TASK BRIEF: Among the records below, find the line that has "人民日报：川渝两地联合举办人"; from there, give the lines again exactly, and stop after the line that has "Completo da donna".
============
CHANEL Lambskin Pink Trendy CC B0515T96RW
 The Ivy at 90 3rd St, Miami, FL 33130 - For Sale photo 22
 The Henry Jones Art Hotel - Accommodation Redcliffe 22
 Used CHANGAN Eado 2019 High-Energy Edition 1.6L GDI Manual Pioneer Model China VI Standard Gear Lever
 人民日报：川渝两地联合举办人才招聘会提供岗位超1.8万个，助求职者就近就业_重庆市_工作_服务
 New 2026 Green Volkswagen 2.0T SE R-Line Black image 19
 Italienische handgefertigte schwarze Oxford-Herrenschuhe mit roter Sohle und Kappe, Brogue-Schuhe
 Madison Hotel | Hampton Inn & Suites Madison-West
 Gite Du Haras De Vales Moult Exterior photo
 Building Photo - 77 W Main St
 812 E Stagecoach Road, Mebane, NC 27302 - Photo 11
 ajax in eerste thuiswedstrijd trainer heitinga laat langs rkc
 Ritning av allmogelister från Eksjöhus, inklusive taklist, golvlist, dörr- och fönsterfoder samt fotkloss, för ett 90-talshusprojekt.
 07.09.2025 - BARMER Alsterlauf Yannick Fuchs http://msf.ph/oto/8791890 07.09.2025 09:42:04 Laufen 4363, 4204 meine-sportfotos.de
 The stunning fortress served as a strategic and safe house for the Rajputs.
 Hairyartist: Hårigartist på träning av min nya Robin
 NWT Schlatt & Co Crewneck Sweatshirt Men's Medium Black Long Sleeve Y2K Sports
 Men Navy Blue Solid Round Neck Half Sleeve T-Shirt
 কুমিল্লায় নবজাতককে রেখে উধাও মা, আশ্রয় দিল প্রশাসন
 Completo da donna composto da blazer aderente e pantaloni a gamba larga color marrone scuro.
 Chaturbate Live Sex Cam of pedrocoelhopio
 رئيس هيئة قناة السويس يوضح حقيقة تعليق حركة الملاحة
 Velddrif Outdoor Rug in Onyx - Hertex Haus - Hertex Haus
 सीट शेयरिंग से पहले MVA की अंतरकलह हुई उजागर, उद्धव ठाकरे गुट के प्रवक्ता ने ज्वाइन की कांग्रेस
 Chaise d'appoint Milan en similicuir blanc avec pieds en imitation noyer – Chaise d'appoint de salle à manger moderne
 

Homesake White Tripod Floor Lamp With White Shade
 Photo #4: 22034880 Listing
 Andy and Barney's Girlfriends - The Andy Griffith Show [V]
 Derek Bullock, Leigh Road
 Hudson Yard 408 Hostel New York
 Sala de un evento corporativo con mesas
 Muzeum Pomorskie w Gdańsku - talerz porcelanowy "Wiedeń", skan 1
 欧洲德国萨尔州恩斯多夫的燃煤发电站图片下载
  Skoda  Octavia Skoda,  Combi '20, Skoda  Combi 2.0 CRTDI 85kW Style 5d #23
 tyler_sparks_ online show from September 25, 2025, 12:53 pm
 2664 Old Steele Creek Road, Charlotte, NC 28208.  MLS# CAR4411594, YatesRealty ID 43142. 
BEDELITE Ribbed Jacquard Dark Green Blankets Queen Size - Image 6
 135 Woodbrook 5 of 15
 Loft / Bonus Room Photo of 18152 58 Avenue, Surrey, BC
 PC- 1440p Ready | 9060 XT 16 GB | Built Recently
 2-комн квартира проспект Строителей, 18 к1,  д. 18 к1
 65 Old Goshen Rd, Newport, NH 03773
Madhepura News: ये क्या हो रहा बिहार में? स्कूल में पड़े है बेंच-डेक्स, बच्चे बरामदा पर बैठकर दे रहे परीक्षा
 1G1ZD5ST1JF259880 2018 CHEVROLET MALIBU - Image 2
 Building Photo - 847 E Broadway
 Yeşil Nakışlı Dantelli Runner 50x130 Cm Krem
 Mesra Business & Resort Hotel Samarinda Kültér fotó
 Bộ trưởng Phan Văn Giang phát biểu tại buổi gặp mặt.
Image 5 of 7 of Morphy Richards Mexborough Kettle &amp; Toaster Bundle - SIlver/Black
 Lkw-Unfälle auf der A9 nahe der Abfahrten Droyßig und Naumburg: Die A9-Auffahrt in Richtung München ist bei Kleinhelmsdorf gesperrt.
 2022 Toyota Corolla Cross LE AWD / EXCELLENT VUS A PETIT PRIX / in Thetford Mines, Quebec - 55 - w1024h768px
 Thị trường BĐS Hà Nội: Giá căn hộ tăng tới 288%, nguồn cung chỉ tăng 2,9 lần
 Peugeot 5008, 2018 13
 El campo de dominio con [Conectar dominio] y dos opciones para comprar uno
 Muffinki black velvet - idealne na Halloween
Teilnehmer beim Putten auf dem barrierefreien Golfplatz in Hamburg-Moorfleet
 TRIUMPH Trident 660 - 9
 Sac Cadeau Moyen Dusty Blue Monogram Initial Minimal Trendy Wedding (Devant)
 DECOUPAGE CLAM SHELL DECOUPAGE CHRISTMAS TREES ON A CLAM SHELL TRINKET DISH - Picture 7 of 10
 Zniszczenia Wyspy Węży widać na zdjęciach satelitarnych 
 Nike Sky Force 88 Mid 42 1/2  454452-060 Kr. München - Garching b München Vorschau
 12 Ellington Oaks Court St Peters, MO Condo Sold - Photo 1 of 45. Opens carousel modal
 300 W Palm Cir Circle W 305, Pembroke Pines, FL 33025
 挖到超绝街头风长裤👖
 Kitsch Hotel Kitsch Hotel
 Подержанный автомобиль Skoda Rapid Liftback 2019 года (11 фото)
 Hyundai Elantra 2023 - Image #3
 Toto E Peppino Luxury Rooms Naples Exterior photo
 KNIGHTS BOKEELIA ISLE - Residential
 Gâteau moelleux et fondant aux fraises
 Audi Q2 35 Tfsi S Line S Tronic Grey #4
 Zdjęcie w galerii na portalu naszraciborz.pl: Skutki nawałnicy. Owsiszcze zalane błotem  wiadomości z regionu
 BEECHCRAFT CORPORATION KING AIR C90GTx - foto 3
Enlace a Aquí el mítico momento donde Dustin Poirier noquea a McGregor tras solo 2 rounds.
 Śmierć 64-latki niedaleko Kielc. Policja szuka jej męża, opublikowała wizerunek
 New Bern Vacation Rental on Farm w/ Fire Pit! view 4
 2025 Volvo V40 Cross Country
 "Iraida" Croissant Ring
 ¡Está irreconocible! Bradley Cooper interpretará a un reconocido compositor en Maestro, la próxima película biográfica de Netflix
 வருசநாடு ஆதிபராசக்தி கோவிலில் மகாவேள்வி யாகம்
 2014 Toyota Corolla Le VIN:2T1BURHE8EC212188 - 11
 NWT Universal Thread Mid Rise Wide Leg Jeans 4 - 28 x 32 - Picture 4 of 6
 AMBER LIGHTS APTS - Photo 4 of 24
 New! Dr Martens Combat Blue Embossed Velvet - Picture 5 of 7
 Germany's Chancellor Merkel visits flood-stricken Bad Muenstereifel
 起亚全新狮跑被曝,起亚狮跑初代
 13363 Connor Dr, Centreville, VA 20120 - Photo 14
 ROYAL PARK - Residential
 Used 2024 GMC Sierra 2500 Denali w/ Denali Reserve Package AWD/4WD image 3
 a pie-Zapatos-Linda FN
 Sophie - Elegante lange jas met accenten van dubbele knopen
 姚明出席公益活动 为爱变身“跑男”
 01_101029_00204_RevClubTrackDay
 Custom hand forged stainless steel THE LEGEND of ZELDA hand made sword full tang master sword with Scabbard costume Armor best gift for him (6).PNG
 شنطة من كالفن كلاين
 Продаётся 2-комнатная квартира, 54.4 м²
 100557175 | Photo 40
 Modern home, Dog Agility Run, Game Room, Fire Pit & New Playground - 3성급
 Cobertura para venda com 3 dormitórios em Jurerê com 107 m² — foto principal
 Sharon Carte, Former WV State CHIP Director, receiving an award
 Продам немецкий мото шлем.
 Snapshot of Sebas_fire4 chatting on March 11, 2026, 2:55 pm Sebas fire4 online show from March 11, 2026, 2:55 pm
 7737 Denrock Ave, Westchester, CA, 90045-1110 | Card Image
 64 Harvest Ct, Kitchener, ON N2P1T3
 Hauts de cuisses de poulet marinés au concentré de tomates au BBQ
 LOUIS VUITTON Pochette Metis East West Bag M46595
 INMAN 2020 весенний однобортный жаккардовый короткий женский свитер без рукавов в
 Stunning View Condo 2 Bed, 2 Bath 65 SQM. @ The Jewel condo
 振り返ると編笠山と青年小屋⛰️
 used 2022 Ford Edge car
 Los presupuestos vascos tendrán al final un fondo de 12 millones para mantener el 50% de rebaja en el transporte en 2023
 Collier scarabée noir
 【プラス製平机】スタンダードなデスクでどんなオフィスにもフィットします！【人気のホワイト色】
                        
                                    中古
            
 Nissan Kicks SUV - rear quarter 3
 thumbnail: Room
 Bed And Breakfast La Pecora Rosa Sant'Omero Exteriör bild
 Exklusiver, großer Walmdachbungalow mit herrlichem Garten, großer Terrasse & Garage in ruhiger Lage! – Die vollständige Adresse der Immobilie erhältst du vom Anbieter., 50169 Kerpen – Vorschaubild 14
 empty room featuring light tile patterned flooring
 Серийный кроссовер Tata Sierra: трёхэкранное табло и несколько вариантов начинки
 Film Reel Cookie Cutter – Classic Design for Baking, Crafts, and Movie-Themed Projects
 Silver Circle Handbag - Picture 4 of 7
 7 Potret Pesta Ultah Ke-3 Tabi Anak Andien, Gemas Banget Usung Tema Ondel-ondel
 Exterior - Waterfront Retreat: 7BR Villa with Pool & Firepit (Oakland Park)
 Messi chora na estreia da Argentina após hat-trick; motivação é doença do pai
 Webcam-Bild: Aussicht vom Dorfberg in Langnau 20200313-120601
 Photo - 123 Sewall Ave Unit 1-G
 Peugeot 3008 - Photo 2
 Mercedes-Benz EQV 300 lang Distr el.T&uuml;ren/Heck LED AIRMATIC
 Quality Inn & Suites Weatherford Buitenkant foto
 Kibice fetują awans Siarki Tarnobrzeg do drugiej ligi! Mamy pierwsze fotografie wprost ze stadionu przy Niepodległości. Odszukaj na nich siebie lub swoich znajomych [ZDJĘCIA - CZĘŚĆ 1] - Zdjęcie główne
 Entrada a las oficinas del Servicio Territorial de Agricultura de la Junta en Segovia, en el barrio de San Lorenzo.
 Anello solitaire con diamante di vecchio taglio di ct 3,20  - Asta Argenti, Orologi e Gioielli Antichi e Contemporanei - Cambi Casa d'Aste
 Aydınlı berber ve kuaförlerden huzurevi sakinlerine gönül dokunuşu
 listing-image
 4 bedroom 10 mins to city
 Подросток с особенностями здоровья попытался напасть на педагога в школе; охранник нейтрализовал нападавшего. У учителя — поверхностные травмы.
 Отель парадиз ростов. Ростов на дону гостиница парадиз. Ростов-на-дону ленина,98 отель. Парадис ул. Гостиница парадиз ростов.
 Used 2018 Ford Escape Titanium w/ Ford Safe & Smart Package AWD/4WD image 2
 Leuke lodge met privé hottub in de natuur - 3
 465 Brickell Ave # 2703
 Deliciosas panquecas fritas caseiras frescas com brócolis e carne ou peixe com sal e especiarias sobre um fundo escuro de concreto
============
SOLUTION TO THE EXERCISE:
 人民日报：川渝两地联合举办人才招聘会提供岗位超1.8万个，助求职者就近就业_重庆市_工作_服务
 New 2026 Green Volkswagen 2.0T SE R-Line Black image 19
 Italienische handgefertigte schwarze Oxford-Herrenschuhe mit roter Sohle und Kappe, Brogue-Schuhe
 Madison Hotel | Hampton Inn & Suites Madison-West
 Gite Du Haras De Vales Moult Exterior photo
 Building Photo - 77 W Main St
 812 E Stagecoach Road, Mebane, NC 27302 - Photo 11
 ajax in eerste thuiswedstrijd trainer heitinga laat langs rkc
 Ritning av allmogelister från Eksjöhus, inklusive taklist, golvlist, dörr- och fönsterfoder samt fotkloss, för ett 90-talshusprojekt.
 07.09.2025 - BARMER Alsterlauf Yannick Fuchs http://msf.ph/oto/8791890 07.09.2025 09:42:04 Laufen 4363, 4204 meine-sportfotos.de
 The stunning fortress served as a strategic and safe house for the Rajputs.
 Hairyartist: Hårigartist på träning av min nya Robin
 NWT Schlatt & Co Crewneck Sweatshirt Men's Medium Black Long Sleeve Y2K Sports
 Men Navy Blue Solid Round Neck Half Sleeve T-Shirt
 কুমিল্লায় নবজাতককে রেখে উধাও মা, আশ্রয় দিল প্রশাসন
 Completo da donna composto da blazer aderente e pantaloni a gamba larga color marrone scuro.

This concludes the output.